The Husband’s grandmother was an extremely cultivated and passionate woman. I only met her two years before her death but we made the most of that time and spent hours chatting on her sofa about the world. Her favorite subject was religion. Born at the beginning of last century in a part of the world where religion shapes your identity even more accurately than mere nationality, she was obsessed with conversion. Or, more precisely, the possibility of conversion. Everytime I pointed out to her things that I found pretty cool about religions other than Roman Catholicism she would narrow her eyes and take a suspicious tone: “You aren’t thinking about conversion, are you?”. “No, I am not. Why would I?”. I find difficult enough to cope with one’s own upbringing, let alone going back to school to absorb another religion, another world, another way of conceiving life and its purpose. Once I stated without doubts that mines were simple speculations and that they did not conceal any actual interest to embrace a different spirituality, she would make more tea.
Those moments spent together looking at different beliefs came back to my mind the other day when a friend announced me she applied for Swiss citizenship. She’s been living there for a long time, works there, had children there, built a life there. Getting a passport is just the following, natural, step. Still, I was somehow touched. As an expat-at-heart, embracing a country you were not born in resembles conversion to another belief. It means actual involvement, participation. Leaning In.
I toyed with the idea of applying for Belgian citizenship for some time. When I couldn’t (because I had not lived in the country long enough and I hadn’t been married long enough) it looked very exotic and interesting. Once they told me I could get a Passport, I hesitated. As a EU citizen, my rights are already pretty similar to those of a Belgian citizen. I can’t vote at political elections but since the political architecture of the country is extremely complicated, I don’t regret it.
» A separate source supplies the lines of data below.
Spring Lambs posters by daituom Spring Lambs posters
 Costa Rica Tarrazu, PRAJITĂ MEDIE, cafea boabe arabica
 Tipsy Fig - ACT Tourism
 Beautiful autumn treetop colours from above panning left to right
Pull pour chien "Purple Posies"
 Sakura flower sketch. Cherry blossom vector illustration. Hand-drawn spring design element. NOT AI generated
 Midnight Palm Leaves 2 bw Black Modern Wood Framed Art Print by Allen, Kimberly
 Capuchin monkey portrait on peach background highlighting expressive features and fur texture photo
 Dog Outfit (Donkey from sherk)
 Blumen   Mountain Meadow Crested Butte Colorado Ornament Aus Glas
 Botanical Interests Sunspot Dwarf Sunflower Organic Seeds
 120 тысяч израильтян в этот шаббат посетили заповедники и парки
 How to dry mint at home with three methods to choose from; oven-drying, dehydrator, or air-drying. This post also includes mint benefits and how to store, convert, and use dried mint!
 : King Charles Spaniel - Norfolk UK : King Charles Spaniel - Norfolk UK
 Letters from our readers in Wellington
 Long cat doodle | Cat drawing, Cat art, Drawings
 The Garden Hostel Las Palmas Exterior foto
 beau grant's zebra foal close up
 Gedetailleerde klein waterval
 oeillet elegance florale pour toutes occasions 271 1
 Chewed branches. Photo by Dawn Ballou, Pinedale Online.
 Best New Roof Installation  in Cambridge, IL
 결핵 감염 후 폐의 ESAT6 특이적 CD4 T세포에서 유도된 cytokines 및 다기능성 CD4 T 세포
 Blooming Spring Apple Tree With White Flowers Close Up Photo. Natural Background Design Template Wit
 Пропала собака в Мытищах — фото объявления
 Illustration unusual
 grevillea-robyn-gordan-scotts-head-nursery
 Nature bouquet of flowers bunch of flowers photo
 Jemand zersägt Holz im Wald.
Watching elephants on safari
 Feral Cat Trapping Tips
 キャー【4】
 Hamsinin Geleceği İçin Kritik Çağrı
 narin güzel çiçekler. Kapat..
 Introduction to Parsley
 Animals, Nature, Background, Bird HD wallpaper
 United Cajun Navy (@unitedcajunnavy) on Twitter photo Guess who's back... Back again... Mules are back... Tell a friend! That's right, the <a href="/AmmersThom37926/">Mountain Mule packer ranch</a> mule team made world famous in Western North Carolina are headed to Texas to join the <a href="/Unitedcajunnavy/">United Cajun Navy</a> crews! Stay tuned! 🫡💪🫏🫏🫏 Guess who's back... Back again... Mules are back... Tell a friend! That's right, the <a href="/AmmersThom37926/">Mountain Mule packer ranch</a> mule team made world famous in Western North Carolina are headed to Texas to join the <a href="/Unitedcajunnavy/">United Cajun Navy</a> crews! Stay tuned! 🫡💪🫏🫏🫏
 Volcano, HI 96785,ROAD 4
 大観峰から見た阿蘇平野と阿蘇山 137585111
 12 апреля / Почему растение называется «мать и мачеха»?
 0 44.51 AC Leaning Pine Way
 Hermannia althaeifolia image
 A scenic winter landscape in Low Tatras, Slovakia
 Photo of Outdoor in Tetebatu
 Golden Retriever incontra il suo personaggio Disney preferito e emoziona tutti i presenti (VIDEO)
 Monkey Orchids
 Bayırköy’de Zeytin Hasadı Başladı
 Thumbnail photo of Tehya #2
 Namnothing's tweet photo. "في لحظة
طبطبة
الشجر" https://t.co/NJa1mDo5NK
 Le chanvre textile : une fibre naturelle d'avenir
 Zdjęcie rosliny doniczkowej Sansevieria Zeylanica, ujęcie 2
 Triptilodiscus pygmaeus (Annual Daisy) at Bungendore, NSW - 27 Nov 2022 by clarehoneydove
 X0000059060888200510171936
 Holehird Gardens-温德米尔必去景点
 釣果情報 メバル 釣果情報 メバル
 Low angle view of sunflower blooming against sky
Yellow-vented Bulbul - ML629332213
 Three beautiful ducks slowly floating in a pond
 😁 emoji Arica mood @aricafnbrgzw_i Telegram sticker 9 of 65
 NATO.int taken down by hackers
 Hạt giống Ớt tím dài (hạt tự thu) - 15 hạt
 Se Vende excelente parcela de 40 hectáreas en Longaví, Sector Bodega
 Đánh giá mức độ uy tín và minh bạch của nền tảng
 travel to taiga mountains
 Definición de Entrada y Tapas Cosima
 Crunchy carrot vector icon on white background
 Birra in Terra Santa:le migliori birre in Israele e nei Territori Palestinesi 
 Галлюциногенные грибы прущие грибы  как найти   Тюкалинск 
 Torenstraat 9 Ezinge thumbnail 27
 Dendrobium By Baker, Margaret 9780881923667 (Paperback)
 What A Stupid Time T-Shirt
When there are not practical issues at stake (as getting a permit to work or a permanent residence permit), applying for citizenship becomes a mere intellectual question. I realized I am not ready. Living in Belgium has certainly shaped my life in the past decade and influenced my point of view. I have a Belgian husband and Belgian children. I am just not ready to join them in their Belgitude. Partly because I don’t know yet if Belgium will be my last stop in expatriation.
Have you “converted” to another citizenship? What prompted you to do so? How was the day you became something else than your birth nationality? I’d love to hear your stories about this crucial step in an expat’s life.